Content starts

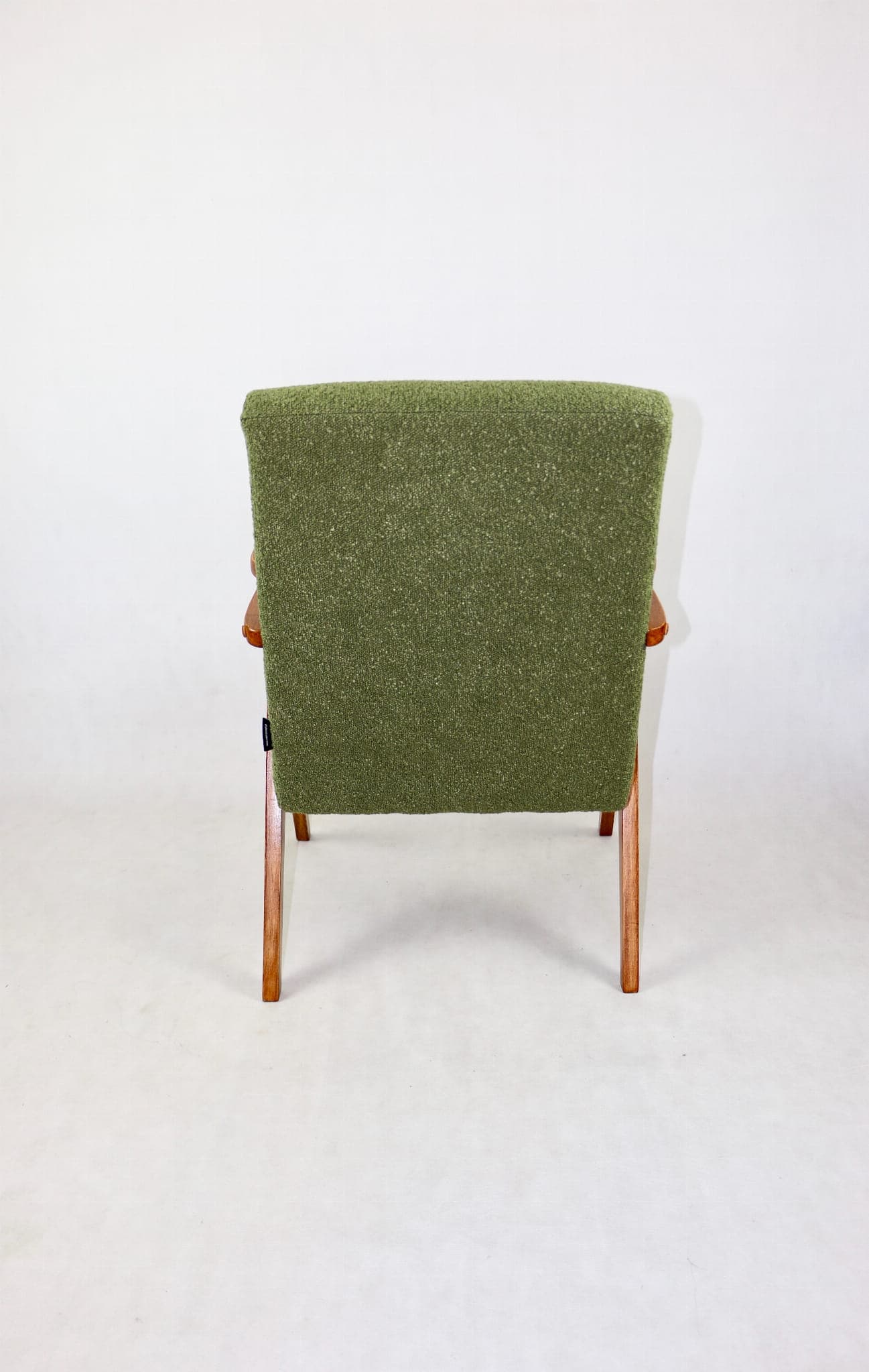 Armchair, green bouclé, walnut, Poland, 1970s. - 108041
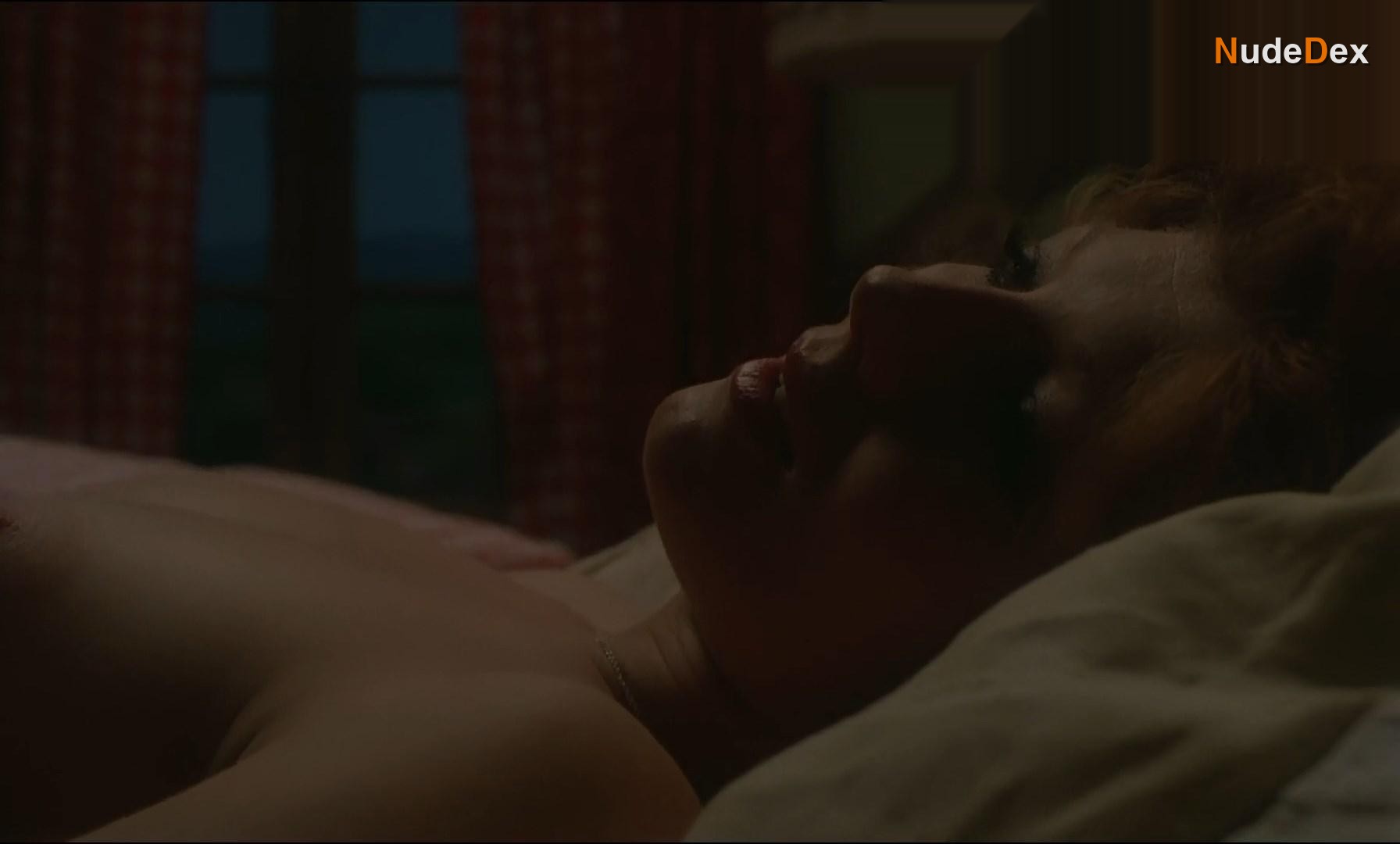 Joan Collins in Oh, Alfie!, photo 1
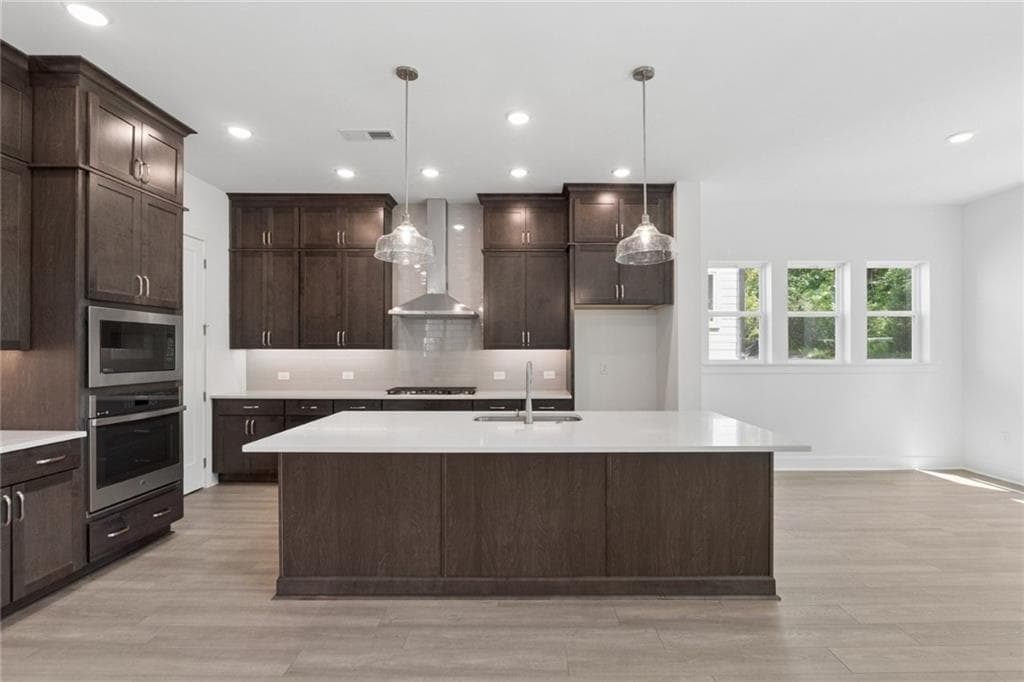 4 bedroom, 5 bathroom, 3,012 sq ft single family residence for sale at 4515 Beechnut Circle, Cumming, GA 30028 — photo 7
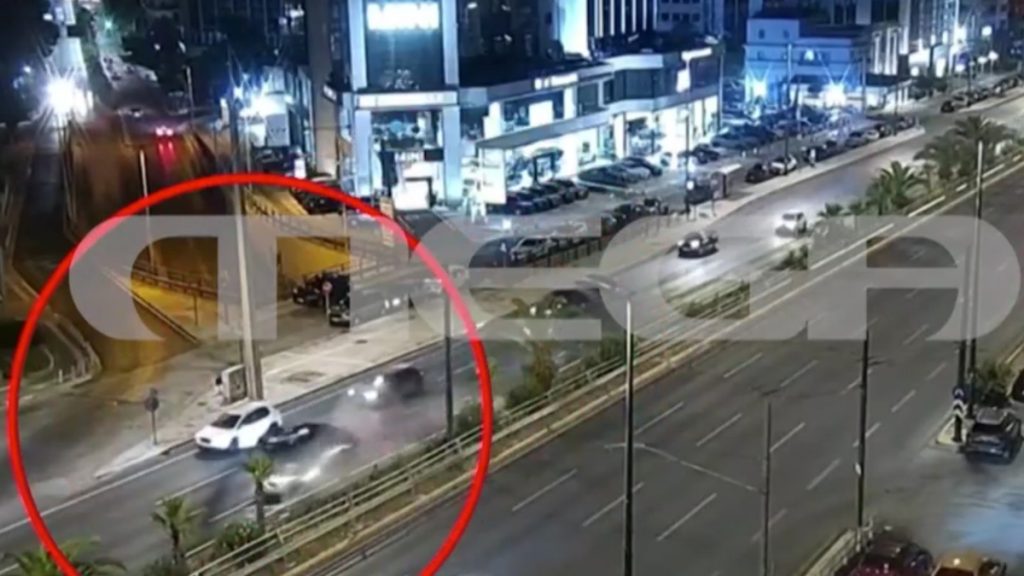 Καραμπόλα τριών αυτοκινήτων στη λεωφόρο Συγγρού – Δείτε τη στιγμή της σφοδρής σύγκρουσης (βίντεο)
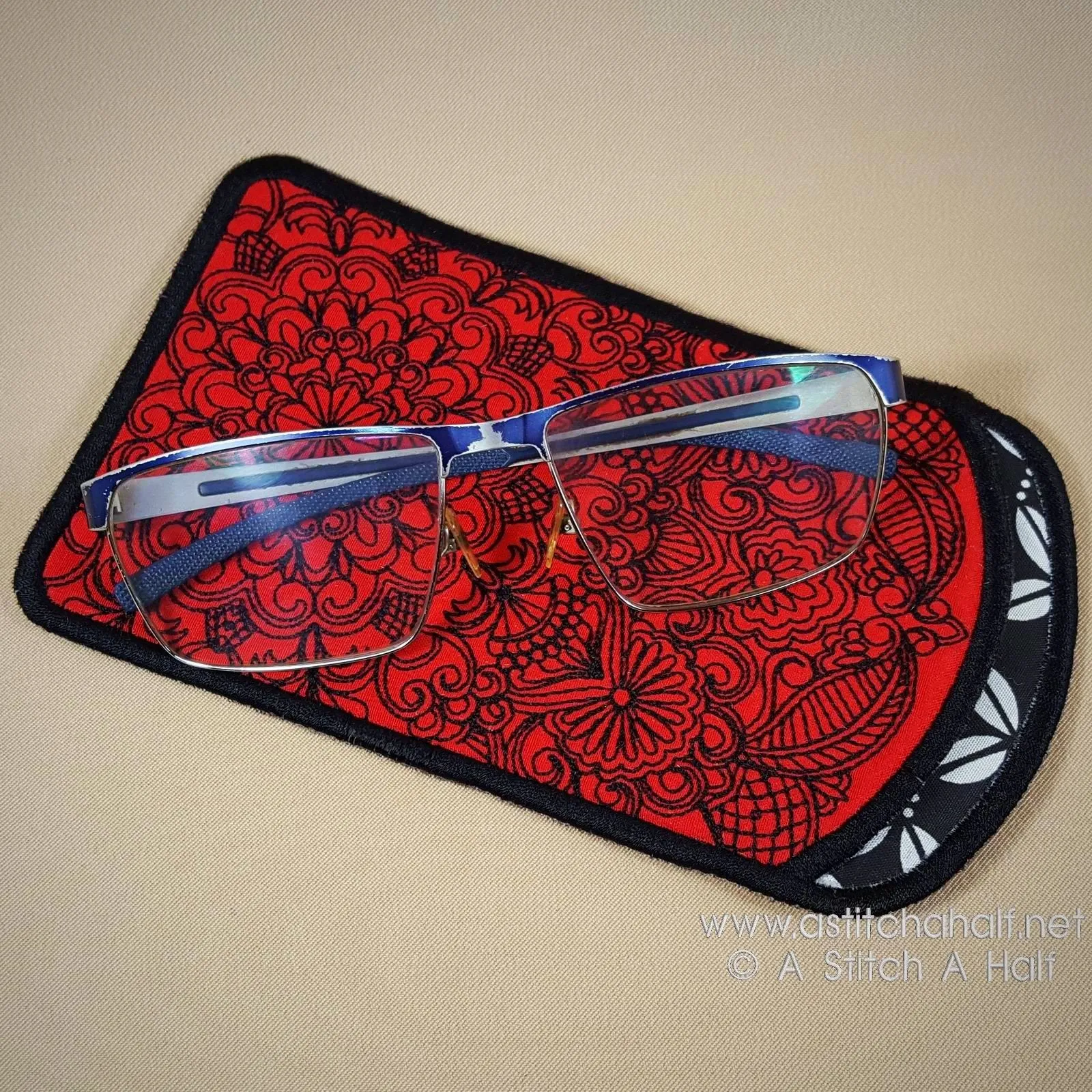 Spectacular Oasis Eyeglasses Case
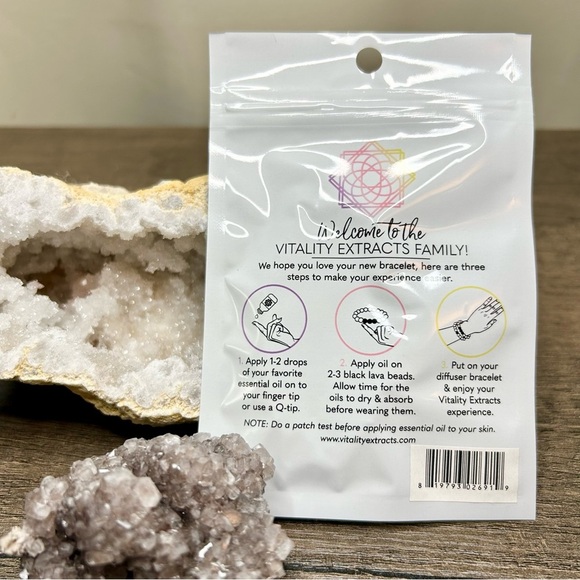 Vitality - Gold Sacred Arrow Wood Diffuser Bracelet - Picture 4 of 4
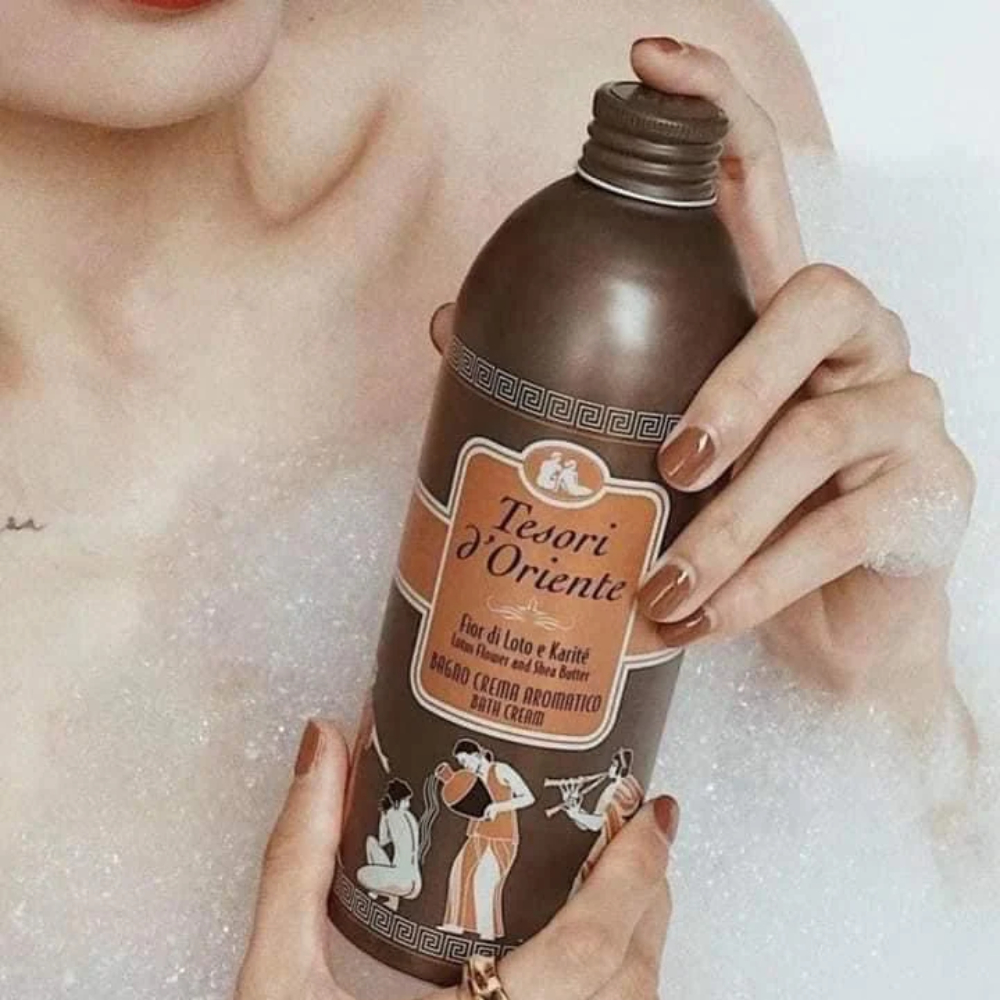 Sữa tắm xích Tesori trắng da, Sữa tắm nước hoa Ý hương sen, Sữa tắm hương sen thơm ngọt dịu lưu hương lâu 500ml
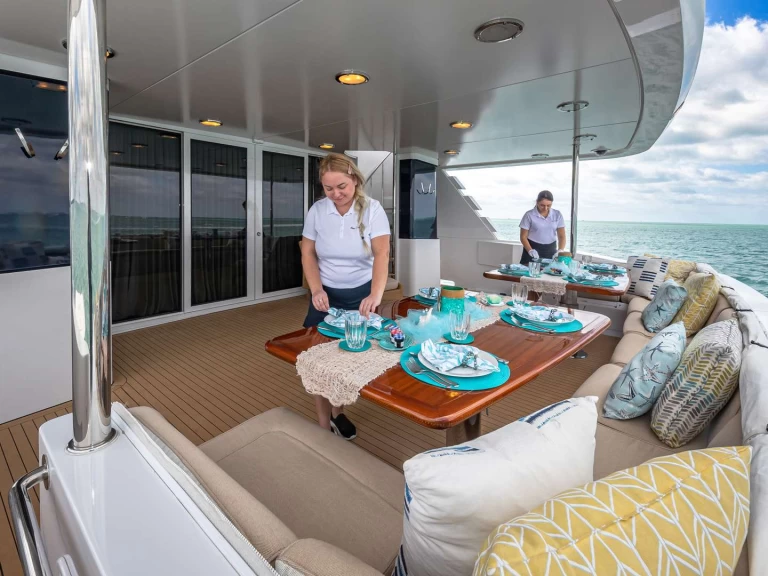 Boot mieten Antigua günstig EALU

Content ends

Exercise instructions: Transcribe the data exactly and leave no picture in the copy.

Result of this task:
 Armchair, green bouclé, walnut, Poland, 1970s. - 108041
 Joan Collins in Oh, Alfie!, photo 1
 4 bedroom, 5 bathroom, 3,012 sq ft single family residence for sale at 4515 Beechnut Circle, Cumming, GA 30028 — photo 7
 Καραμπόλα τριών αυτοκινήτων στη λεωφόρο Συγγρού – Δείτε τη στιγμή της σφοδρής σύγκρουσης (βίντεο)
 Spectacular Oasis Eyeglasses Case
 Vitality - Gold Sacred Arrow Wood Diffuser Bracelet - Picture 4 of 4
 Sữa tắm xích Tesori trắng da, Sữa tắm nước hoa Ý hương sen, Sữa tắm hương sen thơm ngọt dịu lưu hương lâu 500ml
 Boot mieten Antigua günstig EALU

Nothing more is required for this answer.